Les mauvais garçons sont toujours les plus fascinants. Ils réveillent en nous cette envie de danger que l'on ne peut assumer sans mettre en péril son équilibre personnel. Il est bien plus facile de vivre une vie aventureuse, passionnée, hors la loi, hors les lois, par procuration.
Et puis pour que cette vie provocante et canaille vaille la peine d'être vécue, elle doit être soutenue par le talent, sinon on risque de n'être qu'un malfrat de plus alors qu'on se rêve poète maudit !
Une saison en enfer ne pourrait le nier, mais avant lui il y a eu en France un autre jeune homme plein de morgue et de fougue, de talent explosif, un poète ambitieux et fécond, difficile d'accès tant son verbe est un jeu. L'insouciance de la jeunesse ne semble pas être une clé pour comprendre la rébellion latente de François Villon que ses nombreux exploits criminels ont concrétisé.
L'auteur deOrphelin de père, il verra sa mère pendue. Élevé dans la piété par un professeur en plein cœur du Quartier Latin à Paris, il s'en sort plutôt bien, eu égard à sa condition première, et poursuit brillamment des études qui le mèneront... à la débauche.
Rimbaud, lui, n'a qu'une idée en tête... fuir le cocon familial qu'il trouve étouffant et étroit d'esprit. C'est son génie tôt reconnu qui le sauve, lui permettant de fuir. On peut se demander ce qu'il serait advenu du jeune Arthur si Paul Verlaine ne l'avait pas fait venir à Paris. Il serait probablement arrivé à ses fins, son talent ne supportant pas l'échec.
Tout donne l'impression que la vie de Villon bascule systématiquement dans le chaos, qu'il aime à provoquer, mais ne contrôle rien. Et plus il prend de l'âge, plus les conséquences de ses actes s'aggravent. Ses protecteurs disparus, il a de plus en plus de mal à se sortir des geôles où le poussent régulièrement les différents rixes et meurtres auxquels il est mêlé.
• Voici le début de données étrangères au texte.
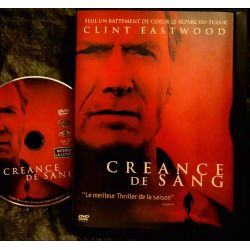 Créance de sang - Eastwood Jeff Daniels Film DVD VF 2002
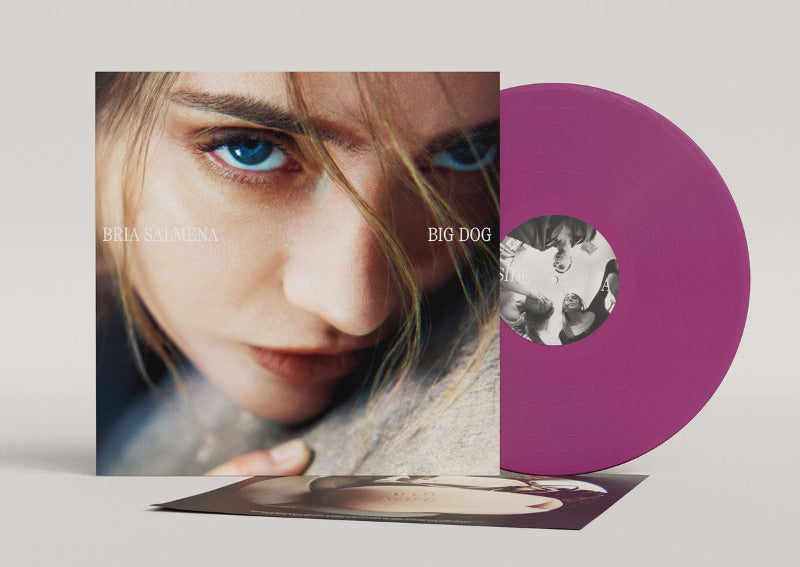 Bria Salmena - Big Dog (Vinyl)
Rimbaud n'échappe pas non plus à la prison... mais le motif n'est qu'une fraude au titre de transport. L'époque est différente, et ses provocations plus verbales que physiques, ne lui sont néfastes que par le nombre croissant d'ennemis qu'elles lui procurent. Son talent est, au contraire de Villon, reconnu de son vivant. Et même s'il est controversé, envié et jalousé, il ne peut être nié, même par ses détracteurs les plus acharnés. Il mène sa vie publique d'une manière extrêmement moderne pour l'époque. Il en serait de même pour sa vie privée sans l'obstination déraisonnable de Verlaine à l'aimer.
Villon ne saura jamais qu'il est considéré comme le plus grand poète du Moyen Âge... à moins que sa disparition à 30 ans à peine ne soit pas, comme on le pense, signe de son décès mais d'une retraite volontaire. Un peu comme Rimbaud qui, n'ayant plus rien à dire se tait définitivement à 22 ans et part pour de nouvelles aventures dont il ne parlera jamais lui-même. Cependant l'un comme l'autre n'ont pas laissé leur œuvre inachevée. Rimbaud en termine avec la littérature par de la poésie en prose dont il est en quelque sorte l'inventeur. Quant à Villon, avec Le Testament, il semble chercher à démontrer la puissance et la diversité de sa plume. Ce n'est pas son ultime écrit, mais c'est celui qui permet d'appréhender au mieux sa production toute entière.
Les illuminations en sont un exemple parfait. Si d'autres qu'eux ont subi les affres d'une enfance passée sous les auspices d'une religion trop prégnante, ils ont eu le courage que donne le talent de se rebeller contre ce qui était jusqu'au début du 20e siècle, une part essentielle du quotidien. L'un comme l'autre sont des visionnaires, et leurs vers sont bien plus politiques que poétiques quand on y réfléchit bien. Villon se réfugie à la cour de Blois, Rimbaud utilise celle du mouvement littéraire du Parnasse, pour arriver à leurs fins. La puissance salvatrice d'un appui qu'on manipule est alors indispensable à la création.
Cependant François Villon reste un poète assez mélancolique, et son œuvre est empreinte de regrets. La ballade des pendus en est le parfait exemple. Rimbaud est Le Voyant qui n'aura pour surprise que cette blessure qui précipitera sa mort. Ainsi, si les chemins semblent assez similaires, si les buts sont certainement les mêmes, les motivations sont bien différentes et les ressemblances ne sont finalement que superficielles.